High-throughput pausing dataset characterization

Considering that pause coordinates of two of the three datasets were provided using the MG1655 reference genome (Larson and Vvedenskaya), the pause sequences from position −49 to +1 were extracted from the W3110 reference genome for Imashimizu, and aligned on the MG1655 (NC_000913.3) genome to compare pause positions between the three different datasets (Figure 4A). We also did a sensitivity analysis, where an offset of at most 4 nt was used to match pause positions between datasets (Supplementary Figure S3A). Overlaps were represented in a Venn diagram generated with BioVenns [55].

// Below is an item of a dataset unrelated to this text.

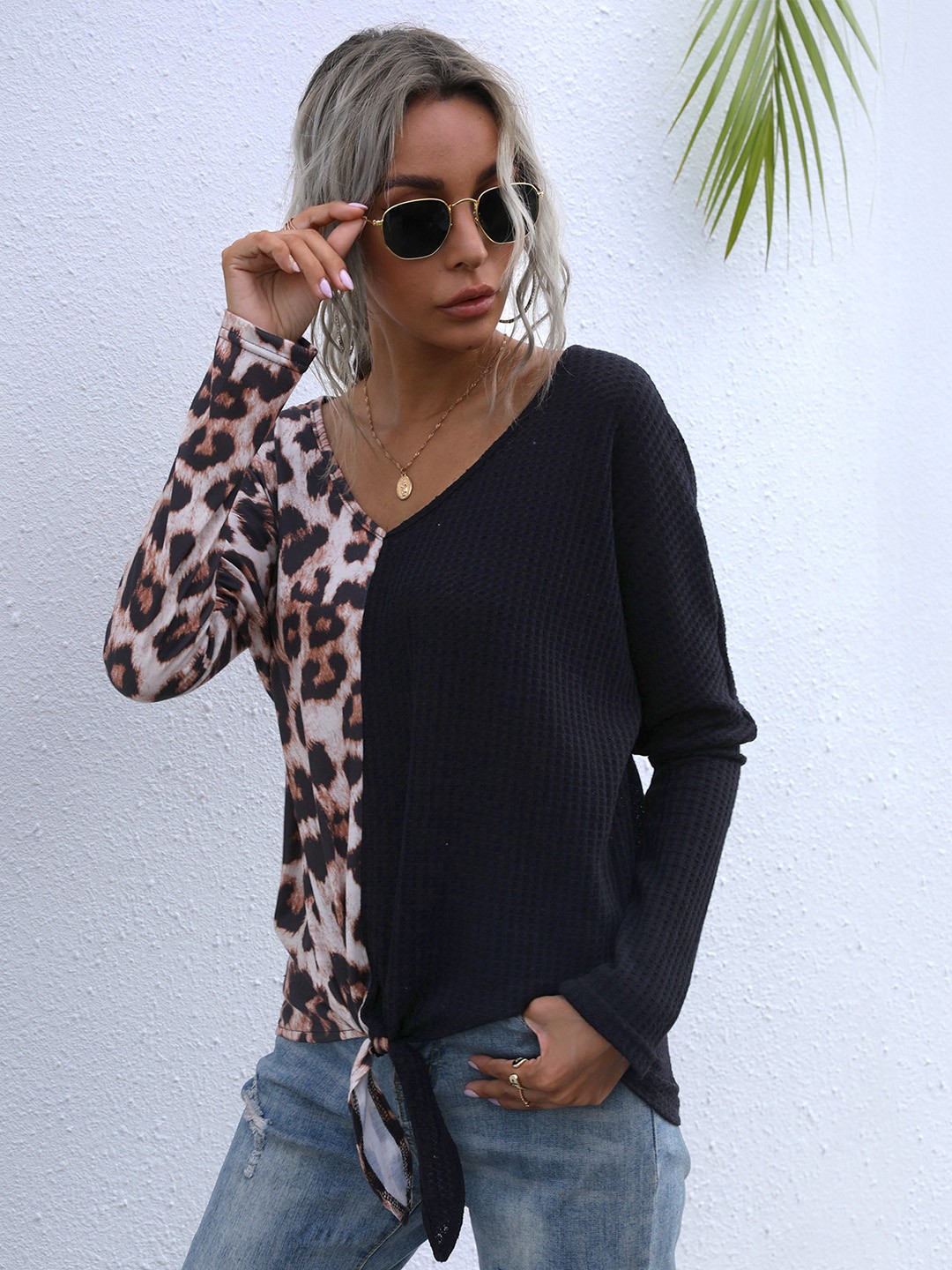 

URBANIC Black & Beige Animal Printed Colourblocked Regular Top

For every pause site, the RNA structure was predicted using the sequence from positions −30 and −11 upstream of each pause site. The distribution of ΔG was compared to a group of 100 control datasets, each consisting of26222random MG1655 genomic sequences. The size of the control datasets was chosen considering the combined sizes of the three sample datasets. Predicted RNA structures characterized by energies falling between 0 and −1 kcal/mol were assigned to an unstructured group. The second group (−1 to −3 kcal/mol) was assigned to the presence of weak structures. The third group (−3 to −6 kcal/mol) was assigned to the presence of stable structures. Finally, the last group (−6 kcal/mol to lower energies) was assigned to hyperstable structures.

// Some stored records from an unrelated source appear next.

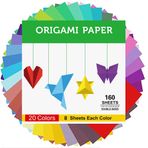 BUBU Origami Kağıt Çift Taraflı Renk - 160 Yaprak - 20 Renk - 15 cm Kare Kolay Katlanır Kağıt Yeni Başlayanlar İçin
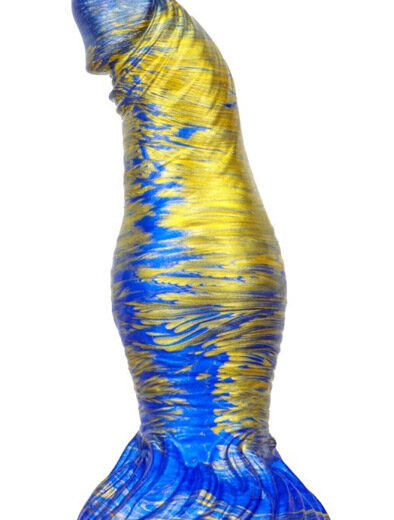 Metallic Fantasy Dildo Duxel Blue/Gold 19,5 cm Dragon Dildo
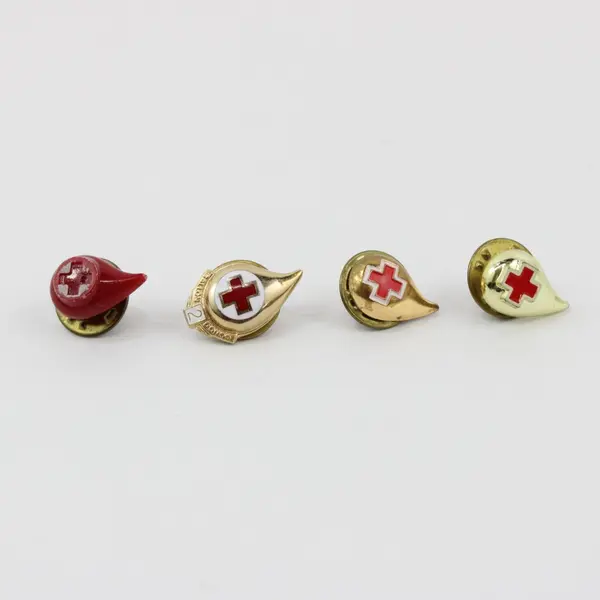 Lot of 4 American Red Cross Blood Donor Enamel Pins Collectible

The identification of transcriptional pauses within the third group (Supplementary Figure S4) was performed using criteria matching the hisL pause. For instance, the screen was done to identify pauses having the consensus sequence, an RNA stem of 5 bp, a loop of 8 nt and a distance of 10 nt between the stem and the pause site.

Data sharing statement

Quantified in vitro results presented here are available in Supplementary Table S1. NET-Seq data are available as published by their respective authors (GSE62102, GSE56720 and SRP071742). The scripts that were used to analyze the NET-Seq data used in our study are available upon request to the authors.

Acknowledgments

This work was enabled in part by support provided by Calcul Québec and Compute Canada. We thank members of the Jacques and Lafontaine laboratories, and Pr. Mikhail Kashlev for fruitful discussions.

Disclosure statement

No potential conflict of interest was reported by the author(s).

Supplementary material

Supplemental data for this article can be accessed online at https://doi.org/10.1080/15476286.2022.2096794

Additional information

Funding

This work was supported by the Natural Sciences and Engineering Research Council of Canada (NSERC), the Fonds de recherche du Québec en Santé (FRQS) and the Canadian Institutes of Health Research (CIHR).